Garotas superam desafios diariamente. As que você vai conhecer nessa reportagem especial fazem isso em áreas historicamente ocupadas por garotos. Elas vão para os laboratórios e ganham prêmios. Lançam foguetes. Colecionam medalhas no Brasil e no exterior e a cada dia derrubam as barreiras que separam as mulheres das áreas de exatas e da tecnologia. 

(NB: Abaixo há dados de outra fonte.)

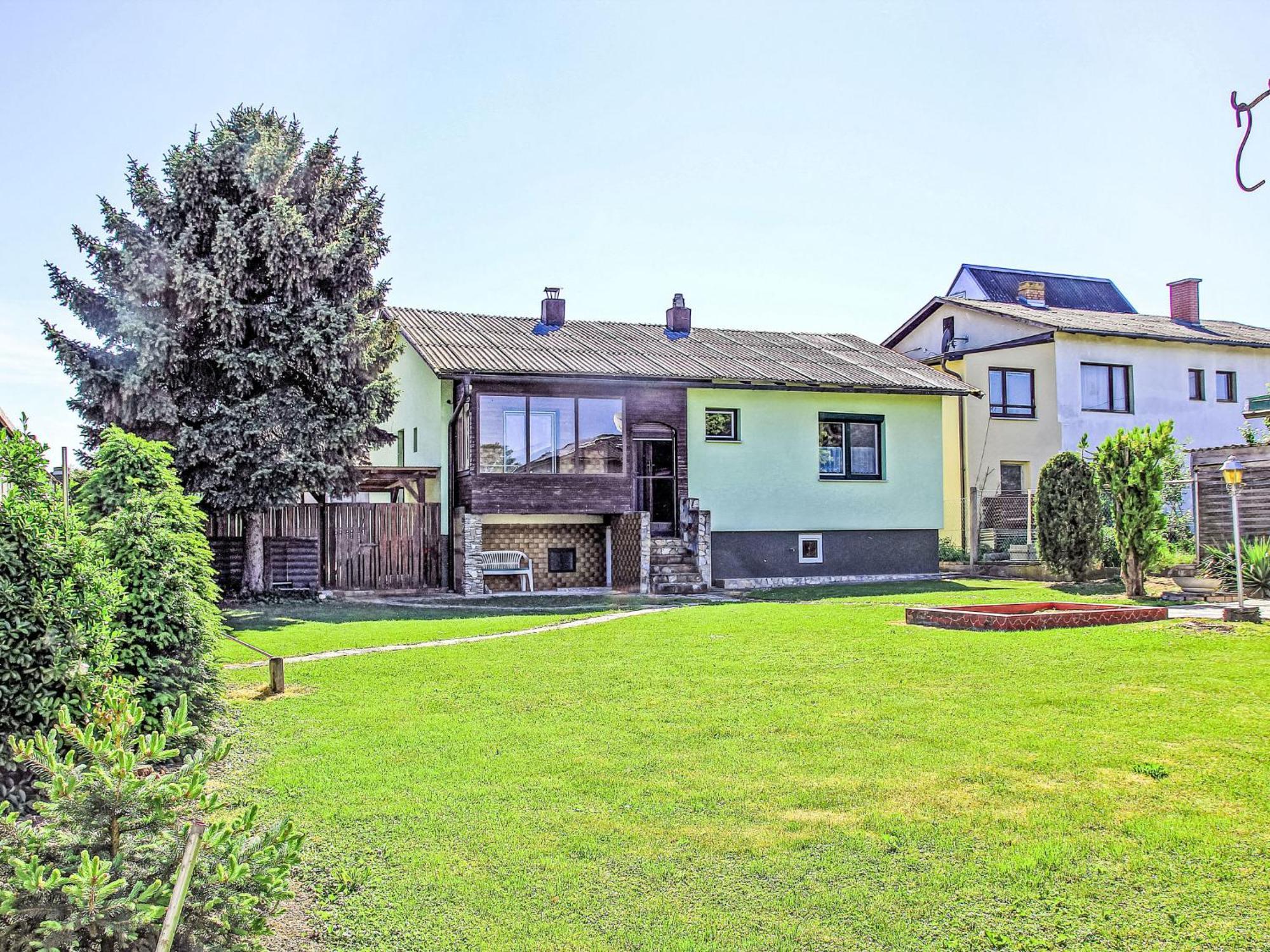 Holiday Home Romy By Interhome Mannsdorf an der Donau Exterior photo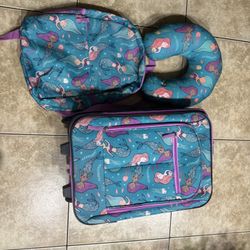 CRCKT 4-Piece Softside Kids Luggage Set, Includes 18" Carry-on Luggage, 12" Backpack, Plush Critter That Turns Into a Neck Roll Pillow, and a Matchin
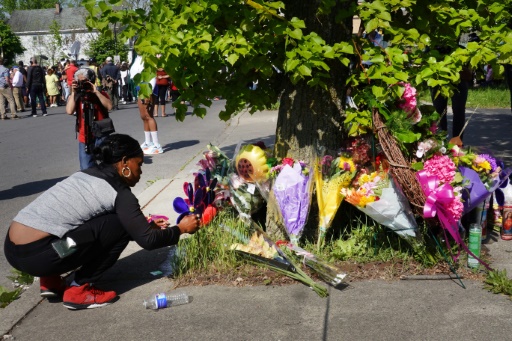 Choc, incompréhension et colère après une tuerie raciste dans l'Etat de New York
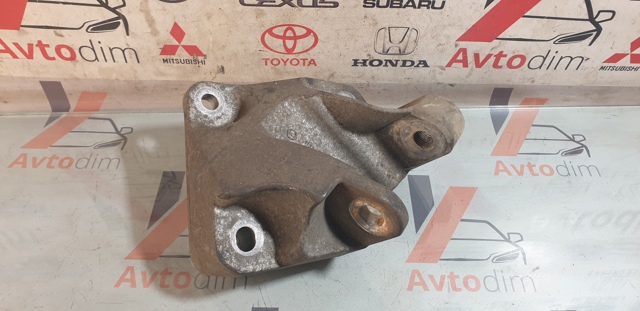 Кронштейн подушки (опори) двигуна, задньої 11332JD700 NISSAN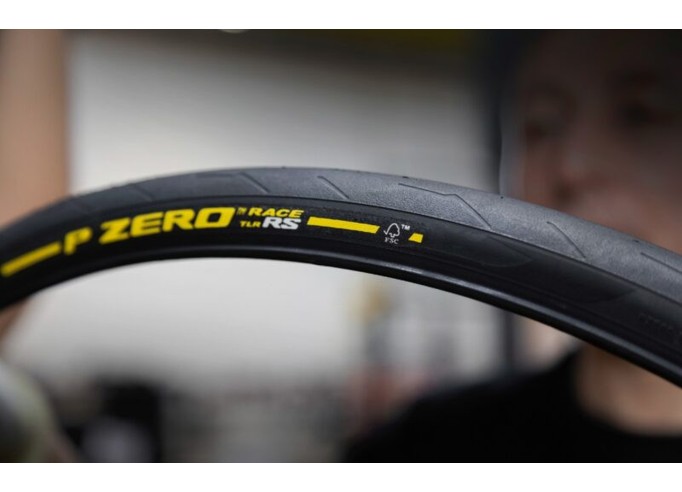 Road tire Pirelli P ZERO Race RS TLR Team Edition Yellow label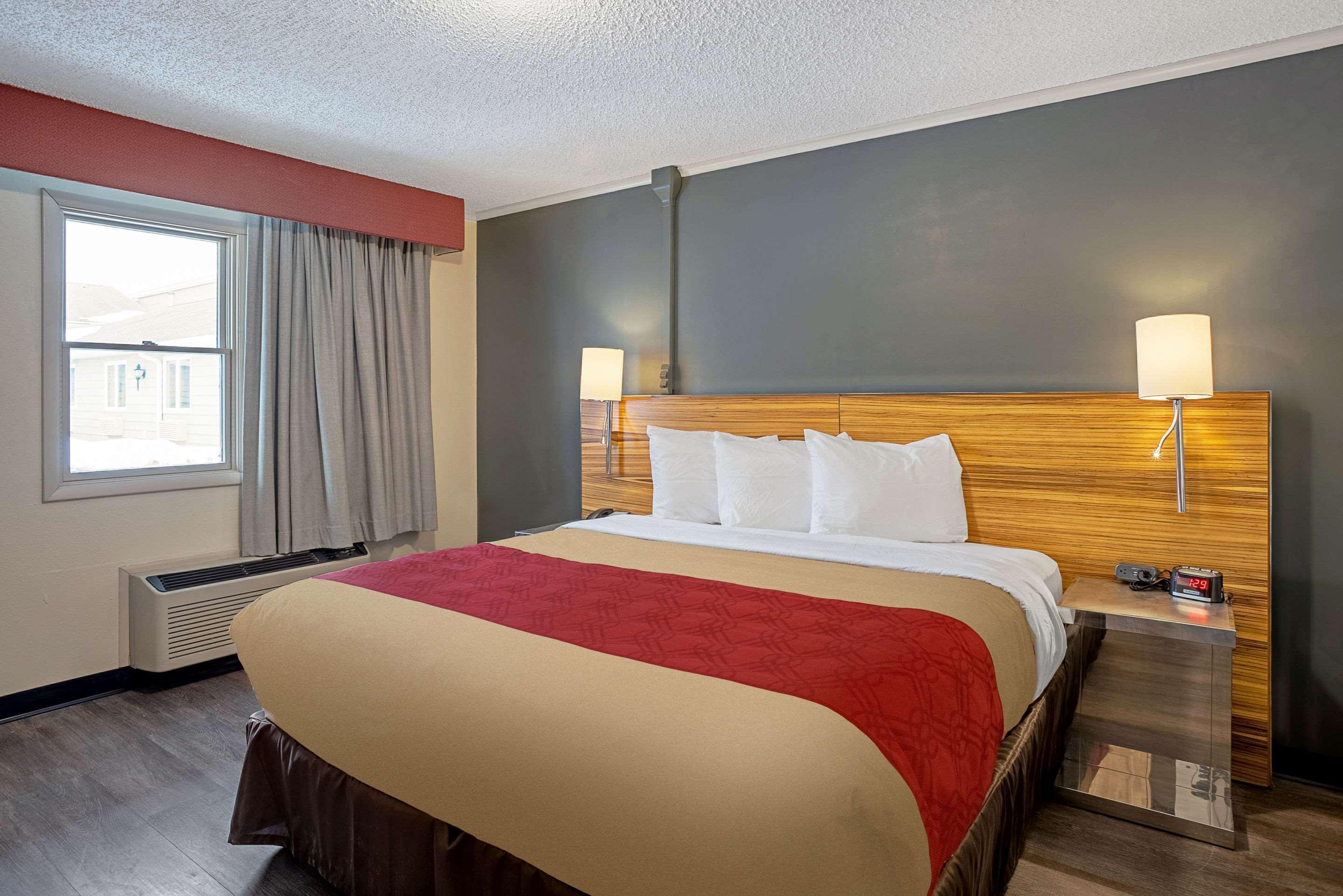 Quality Inn Frontier At Us Hwy 30 Clinton Bagian luar foto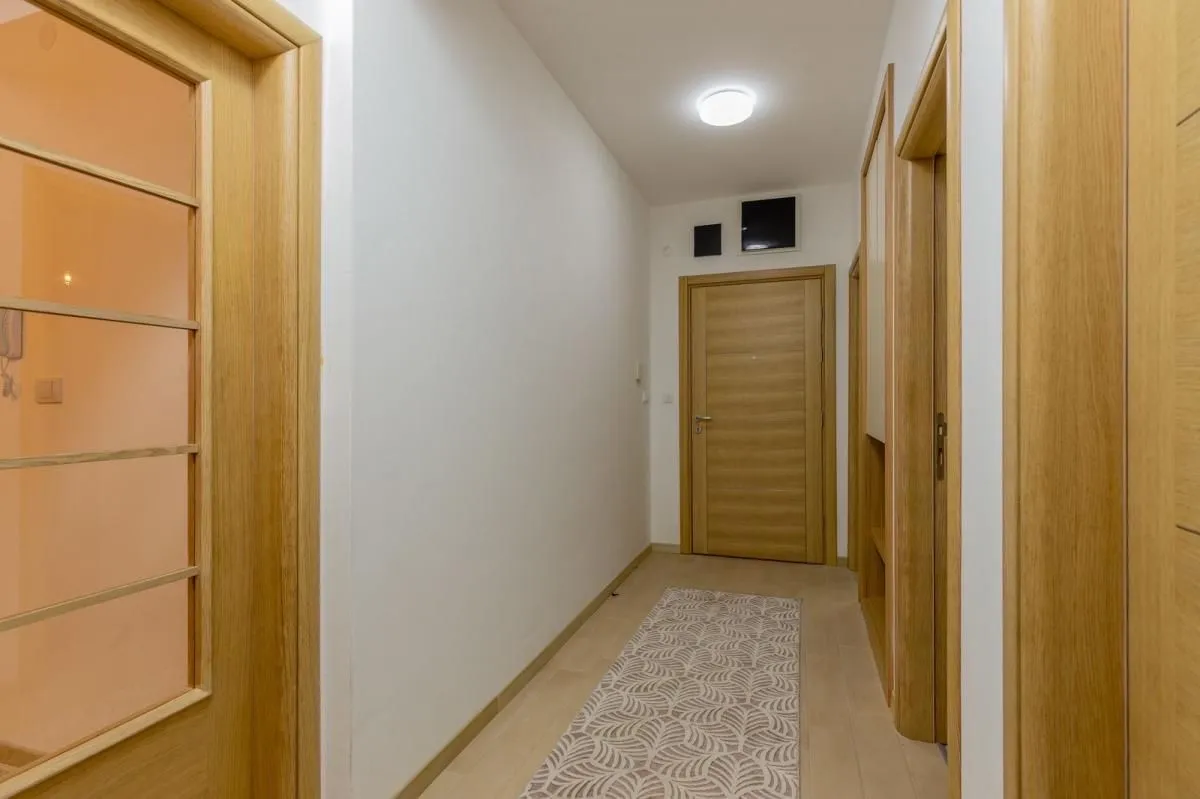 Prodaja, dvosoban stan, 61m², Pržno, Budva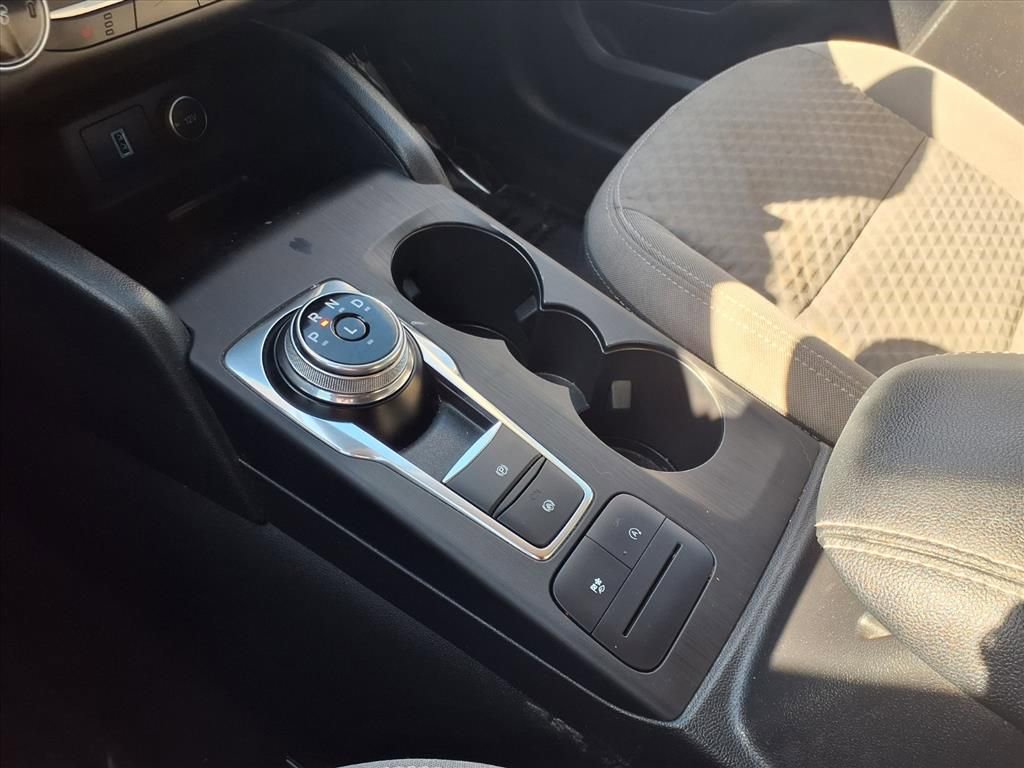 Used 2020 Ford Escape SE image 19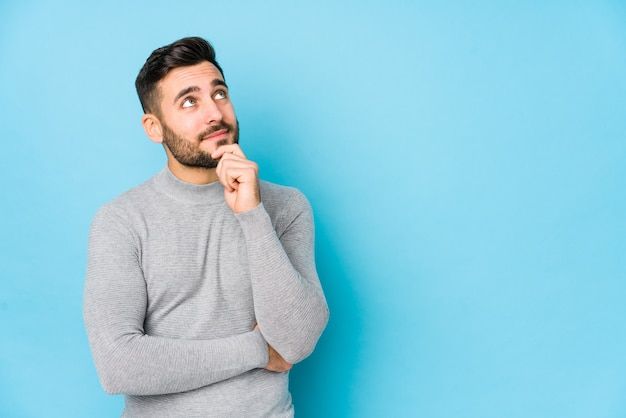أسئلة للزوج عن العلاقة الحميمة.. لكنه يتحرج من نطقها
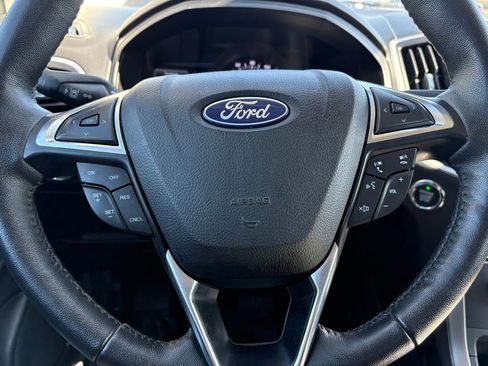 Used 2022 Ford Edge SEL w/ Convenience Package AWD/4WD image 17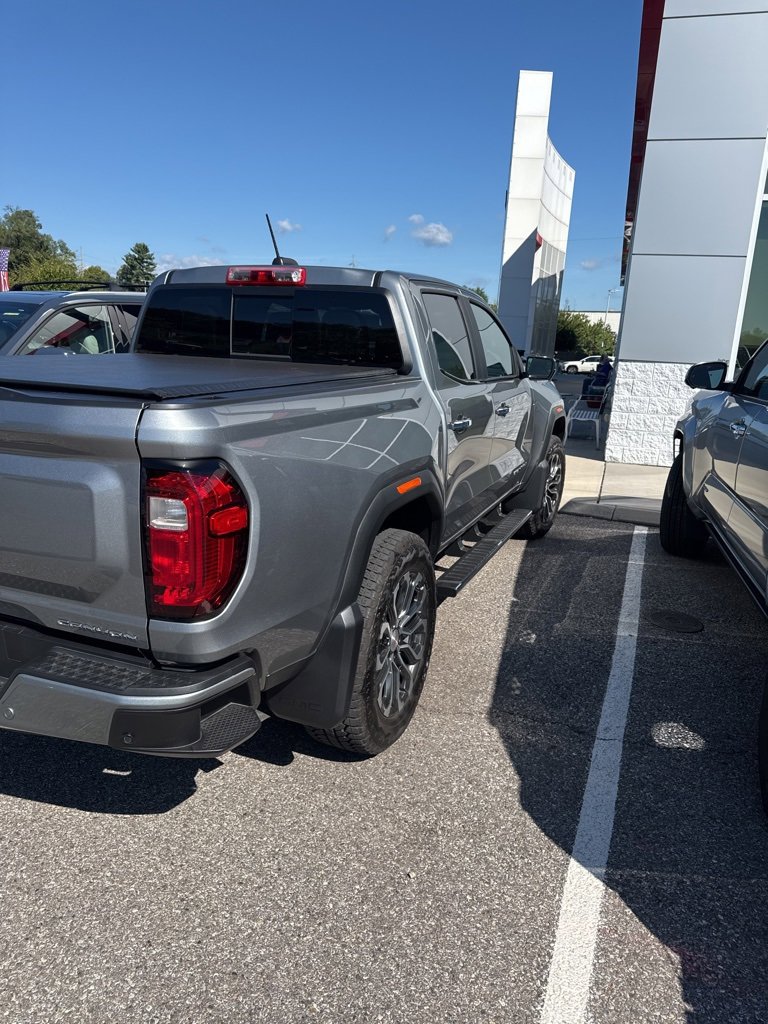 2024 Gmc Canyon Denali photo 3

As meninas das exatas desafiam as estatísticas. Em todo o mundo há poucas mulheres atuando nas áreas de ciências, matemática, engenharia e tecnologia. De acordo com informações da ONU (Organização das Nações Unidas), as mulheres representam 35% dos alunos matriculados nesses cursos nas universidades e o percentual é ainda menor nas engenharias (de produção, civil e industrial) e em tecnologia, não chegando a 28% do total.

A Fundação Carlos Chagas resolveu estudar essa realidade. A pesquisa Elas nas Ciências: Um Estudo para a Equidade de Gênero no Ensino Médio surgiu com a proposta de entender e ampliar o acesso de meninas nas áreas de ciências e tecnologia. A parceria entre a ONG Fundo Elas, o Instituto Unibanco e a ONU Mulheres aponta, entre outros aspectos, que os estereótipos de gênero ainda estão presentes entre os jovens e influenciam as escolhas de carreira profissional.

De acordo com a pesquisa, 45,7% dos entrevistados concordam com a afirmação: “Há certos trabalhos que devem ser realizados somente pelos homens”, enquanto 36,9% discordam. E 60,8% concordam com a frase “As mulheres precisam prestar atenção ao tipo de roupa que usam para ir a determinados lugares” e apenas 19% discordam.

Felizmente instituições e universidades dão passos para mudar esse quadro. A exemplo do projeto Meninas SuperCientistas, que abre as portas dos laboratórios da Unicamp para as estudantes do ensino fundamental.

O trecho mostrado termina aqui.